Millions of retirees around the world are diligently searching for yield.
If you are one of them, you already know that it’s very hard to find.
The yield on the one-month U.S. Treasury bill was recently measured at the barely perceptible rate of .09%. Last summer, the yield on the 10-year U.S. Treasury bond hit an historic low of 1.43%.
With the disappointing low rates of relatively-safe Treasuries, investors have been hunting in risky places for income. Money is gushing into emerging market and global bonds, high-yield (or “junk”) bonds, and fixed-income mutual funds and exchange-traded funds of all maturities.
Many investors assume that any kind of bond must be safer than stocks, but that is a dangerous assumption to make when allocating assets to bonds in a diversified portfolio.
What investors don’t always appreciate is that there is a reason why some bonds look more tantalizing. These bond issuers need to fatten up their yields to compensate investors for greater credit risk or longer maturity dates.
After all, the credit risk for a country with high political risk or a company with a weak balance sheet is going to be much higher than U.S. Treasuries, which have historically enjoyed the moniker of being free of credit risk.

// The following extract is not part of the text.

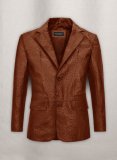 (image for) Tan Brown Ostrich Leather Blazer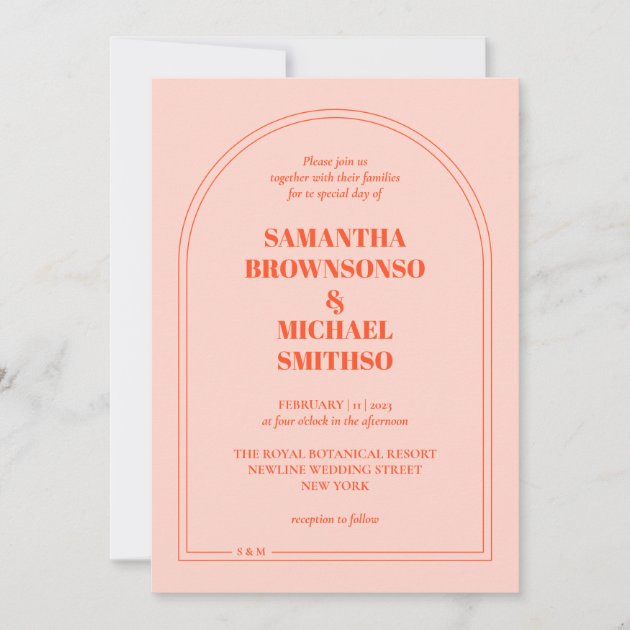 Minimal Orange Pink Simple Wedding Invitation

Because of their risk profile, high-yield bonds often end up behaving like stocks during turbulent times.
You can see this relationship in the table below from a 2013 white paper published by the Vanguard Group that shows returns during the global financial crisis from October 2007 to March 2009.
In the above example, only Treasury bonds fared well during the market meltdown as investors bid up their prices.
Chasing yield is a dangerous pursuit. Including a significant allocation to high-yield or longer maturity bonds in a portfolio can significantly increase its volatility.
A portfolio’s total risk profile and expected total return, not the current income that it spins off, should be what investors are looking at when they are assembling a mix of assets that can support a sustainable spending rate in retirement.